Govt clears construction of Balochistan Expressway sections, costing Rs415 billion

CDWP approves three sections of N-25; final approval pending after addressing queries on road alignment and land acquisition; project to be funded through Rs8 per liter levy on petrol and diesel

The federal government has approved the construction of three sections of the Balochistan Expressway (N-25) totaling 692 kilometers at an estimated cost of Rs415 billion. The project will be funded through an Rs8 per liter levy on petrol and high-speed diesel, imposed earlier this year.

Now, the project will be presented to the Executive Committee of the National Economic Council (ECNEC) for final approval. 

Once completed in at least three years, the dual carriageway will connect Quetta to Karachi, enhancing economic development and connectivity. 

The Central Development Working Party (CDWP) meeting, chaired by Deputy Chairman of the Planning Commission and Minister Ahsan Iqbal, also addressed queries regarding road alignment and land acquisition.

The CDWP is authorized to approve projects worth up to Rs7.5 billion and refers larger schemes to ECNEC, which is chaired by Deputy Prime Minister Ishaq Dar.

The CDWP also recommended the dualization of the Karachi-Quetta-Chaman route, spanning 278 kilometers, with an estimated cost of Rs183.4 billion. While Rs33 billion has been allocated for the current fiscal year, challenges remain due to low initial funding, which may require an annual allocation of Rs75 billion in the coming years.

Additionally, the CDWP cleared the Rs99 billion dualization of the 332-kilometer Khuzdar-Kuchlak section of N-25. With 52% of the work already completed, the remaining portion is expected to be finished in two years. The government has allocated Rs34 billion for this project in the current fiscal year.

Another section, Karoro Wadh-Khuzdar Chaman, will be dualized at a cost of Rs133 billion for a 104-kilometer road. Rs33 billion has been earmarked for this section in the current fiscal year, but Rs50 billion per year will be needed for the next two years to complete the project on time.

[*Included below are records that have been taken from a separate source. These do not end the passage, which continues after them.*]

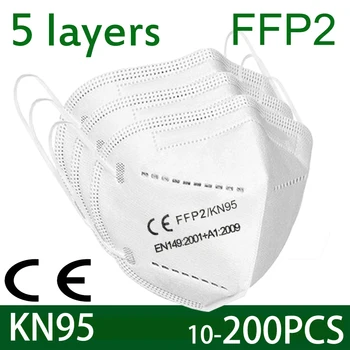 Rýchle odoslanie masku na tvár FFP2 masky KN95 filter masku, Ochranné maske anti maska proti prachu 5 vrstiev úst maska mascarillas Rýchlo odoslať
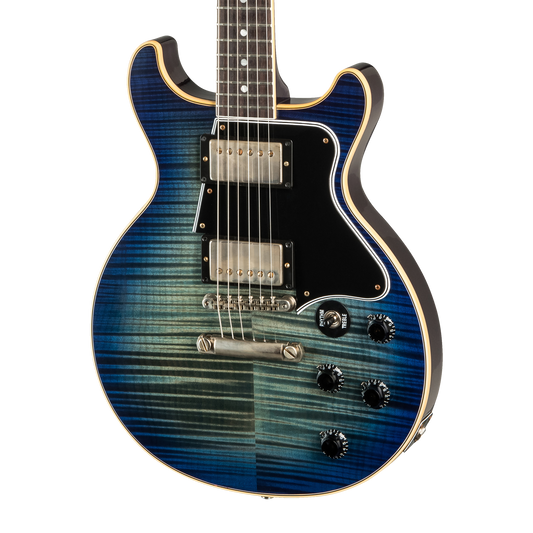Gibson Custom Les Paul Special Double Cut Figured Top, Blue Burst Electric Guitar Gibson Custom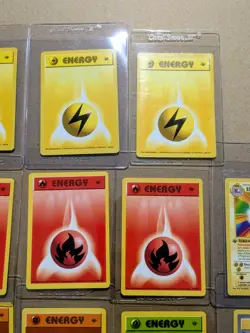 Pokemon Lot Of 1st Edition Base Set Energy Cards Electrode Very Good Condition - Image 4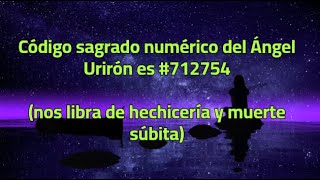 Código Sagrado Numérico de Agesta para el Ángel Urirón 712754 [upl. by Alyworth]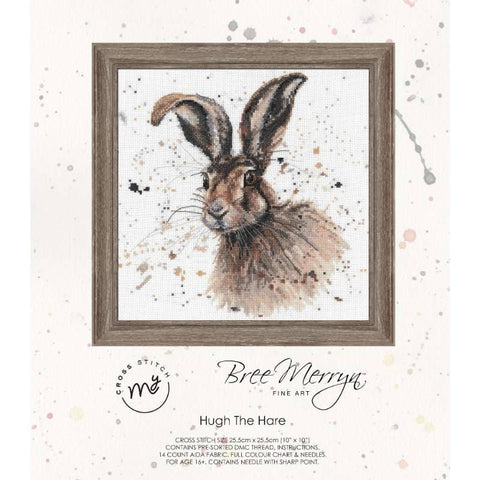 Hugh The Hare Counted Cross Stitch Kit Bree Merryn By My Cross Stitch BMCS01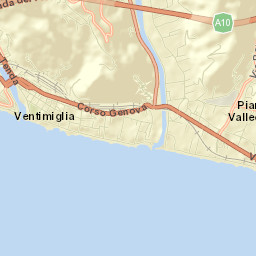Ventimiglia Street Map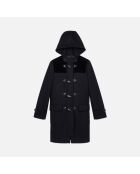 Caban à capuche noir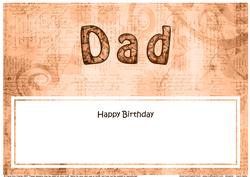 Birthday Dad Clocks Matching Large Dl Insert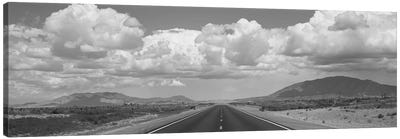 An Empty Road Running Through A Landscape, Highway 54, New Mexico, USA Canvas Art Print - New Mexico Art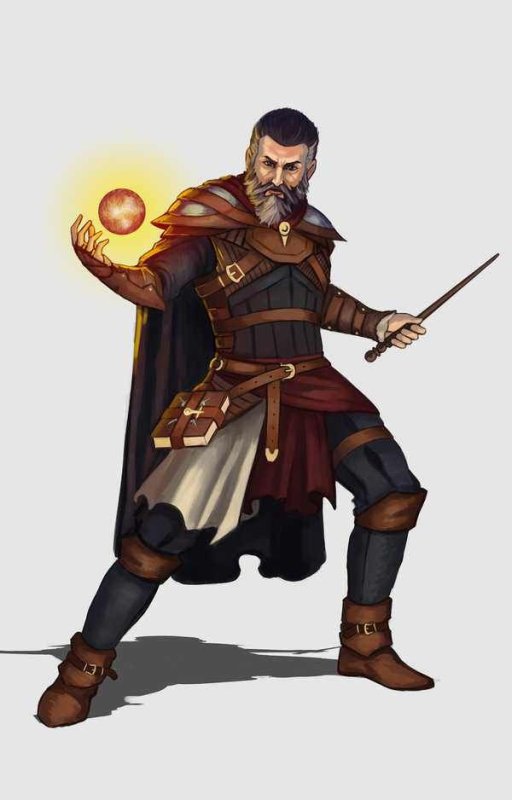 Pathfinder Полуэльф маг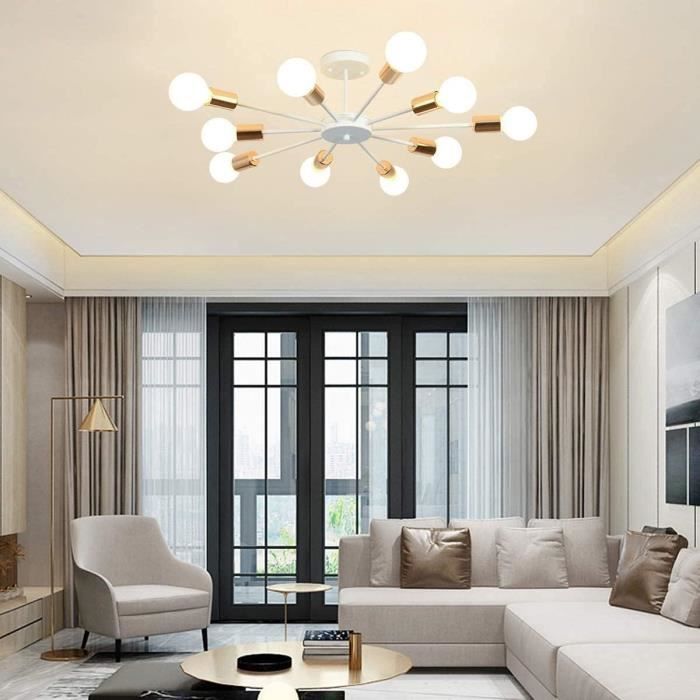 Lot de 3 Lustre en Fer Suspension Plafond Eclairage Décor Lampe Suspension Luminaire pour Salon Chambre Couloir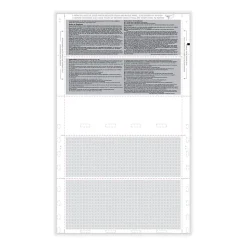 ComplyRight W-2 Tax Form, Horizontal, Pressure-Seal, 4-U, 500/Pack (5228)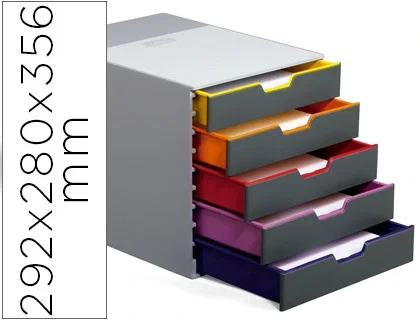 Durable VARICOLOR 5 Cajonera de 5 Cajones Multicolor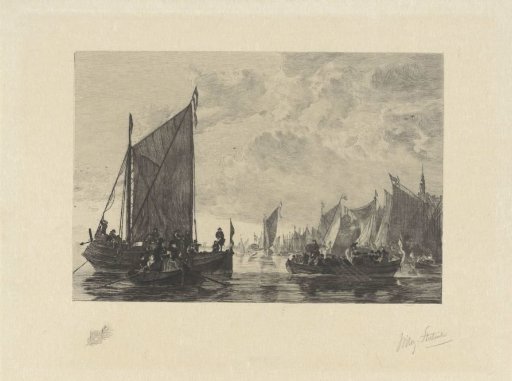 View of the Maas near Dordrecht
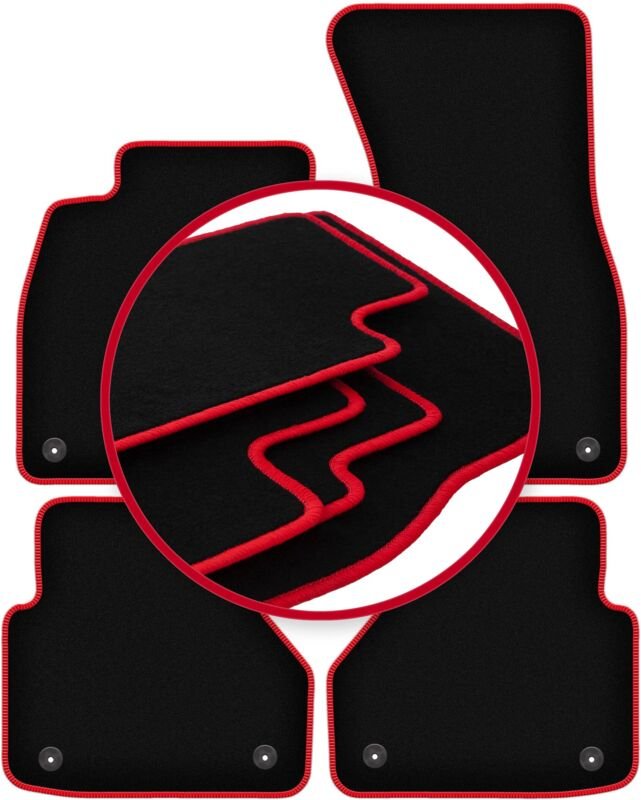CARLUX-RED Autofußmatten für: Audi A6 C8 Avant, Kombi, Limousine (2018-)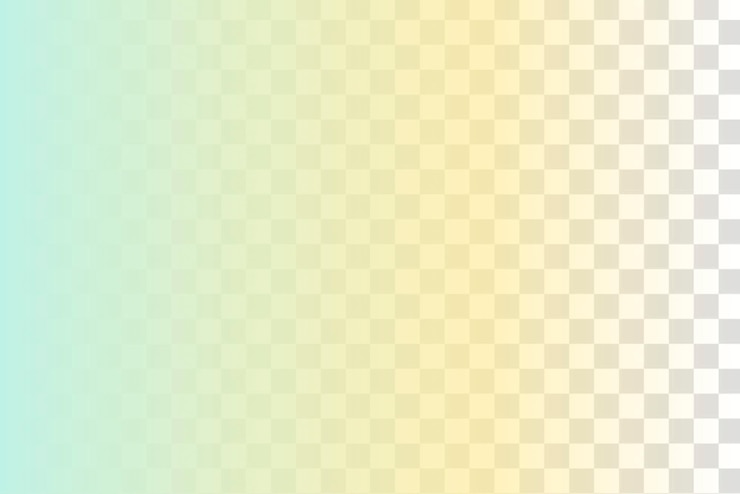 PSD png 青い黄色のグラデーション 透明な背景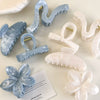 Wholesale Headwear Plastic And Resin Geometric Bow Clip With Baking Paint For Women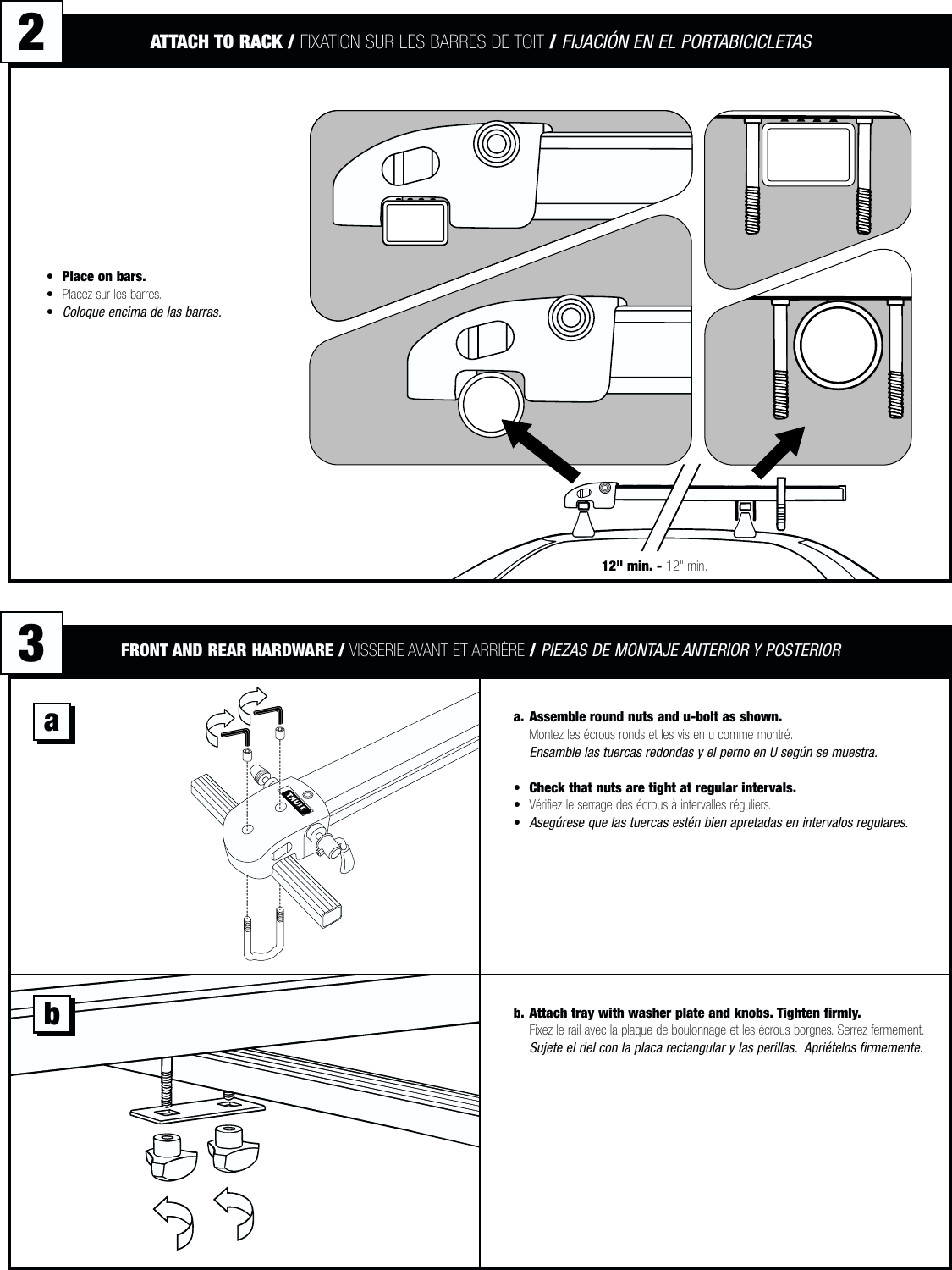 Page 3 of 6 - Thule Thule-Long-Tray-Classic-591-Users-Manual- 501-5368-02 #591 Long Tray Clas  Thule-long-tray-classic-591-users-manual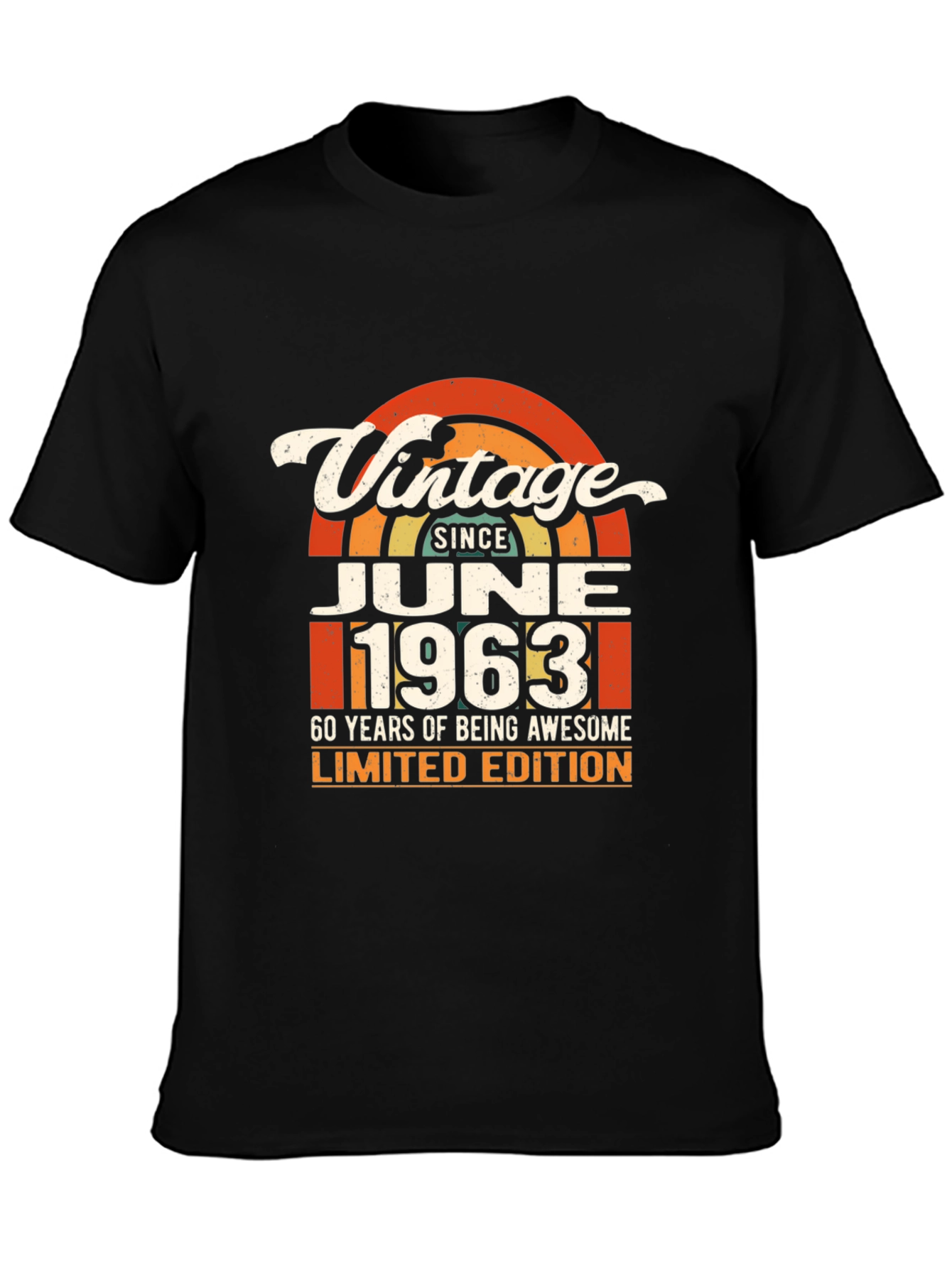 Vintage June 1963 Limited Edition 60th Birthday T-Shirt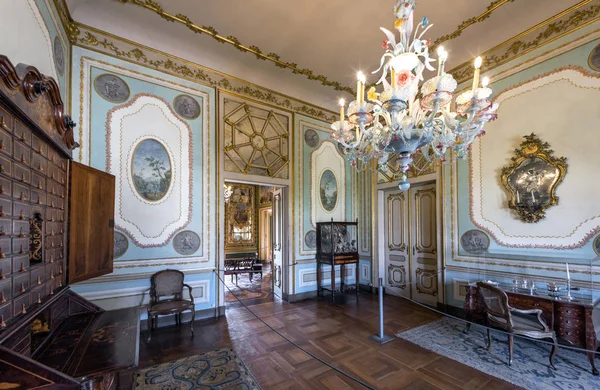 Impresionante Interior Del Palacio Real Queluz Portugal — Foto de Stock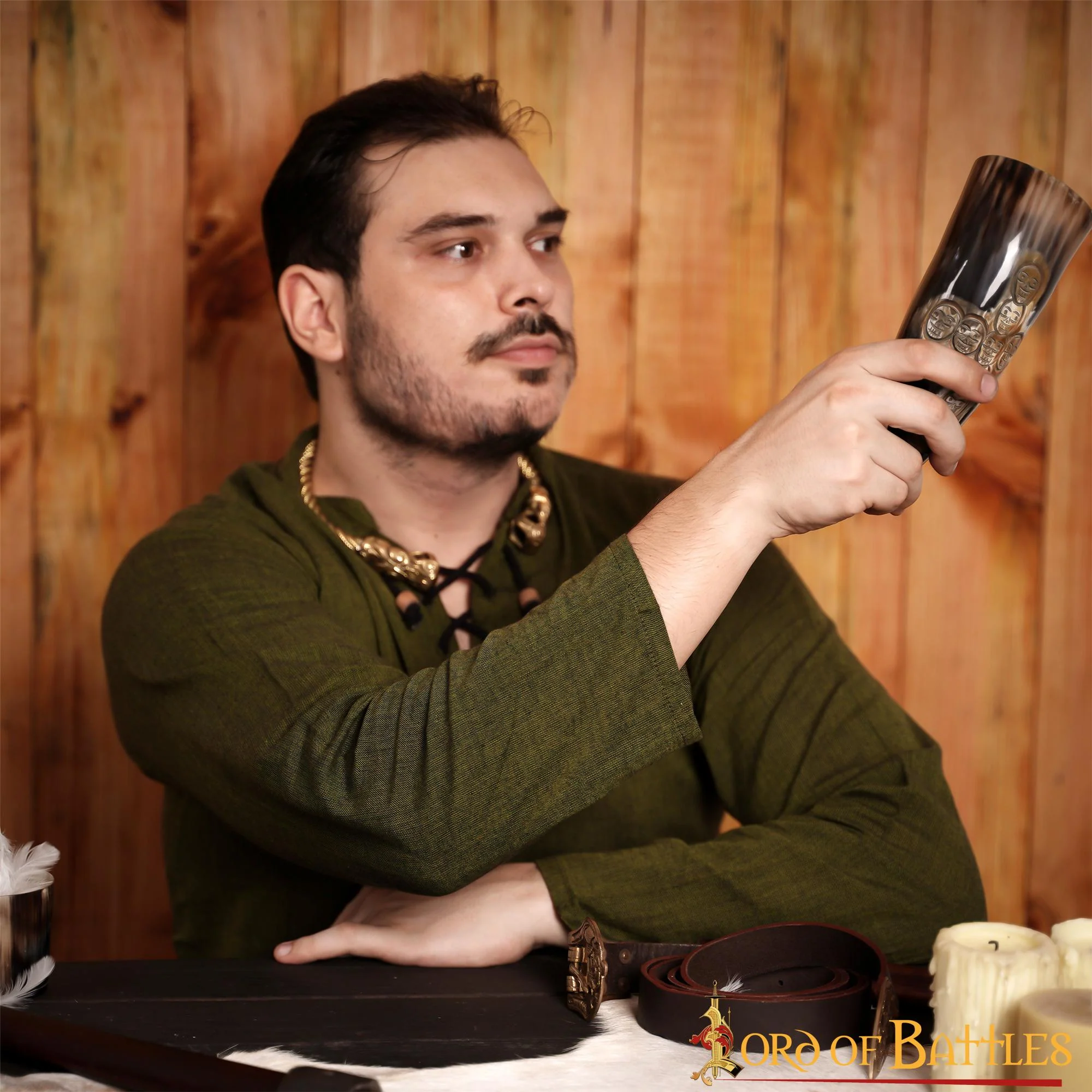 Viking Drinking Horn 500 - 600 Ml Cuerno de Buey Auténtico Hecho a Mano - Image 2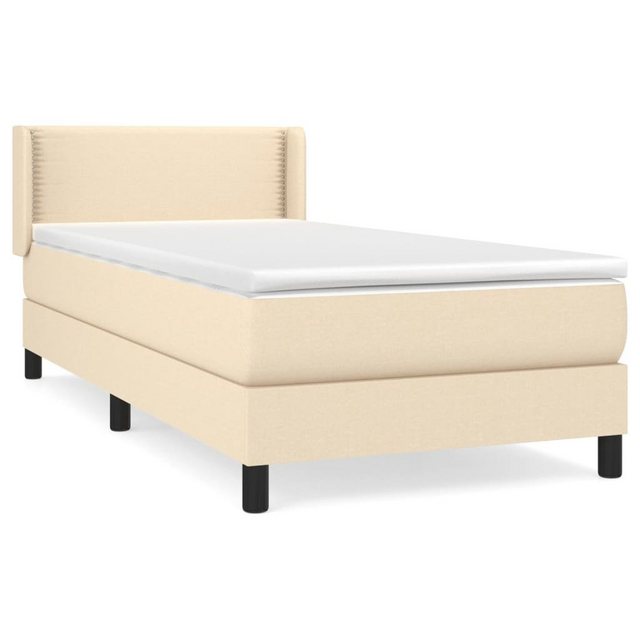 vidaXL Boxspringbett Boxspringbett mit Matratze Creme 80x200 cm Stoff Bett günstig online kaufen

Prime Minister Shehbaz Sharif imposed the Rs8 per liter levy earlier this year to fund these road projects. While the decision faced criticism for adding to the existing tax burden on consumers, the Prime Minister defended the move, stating that the infrastructure development would enhance Balochistan’s connectivity and safety.

The CDWP raised concerns about the alignment of the roads, the revised costs, and land acquisition. These issues must be addressed before the projects are forwarded to the ECNEC for final approval. The government has allocated Rs1 trillion for the federal Public Sector Development Programme this year, with Rs210 billion set aside for various Balochistan projects.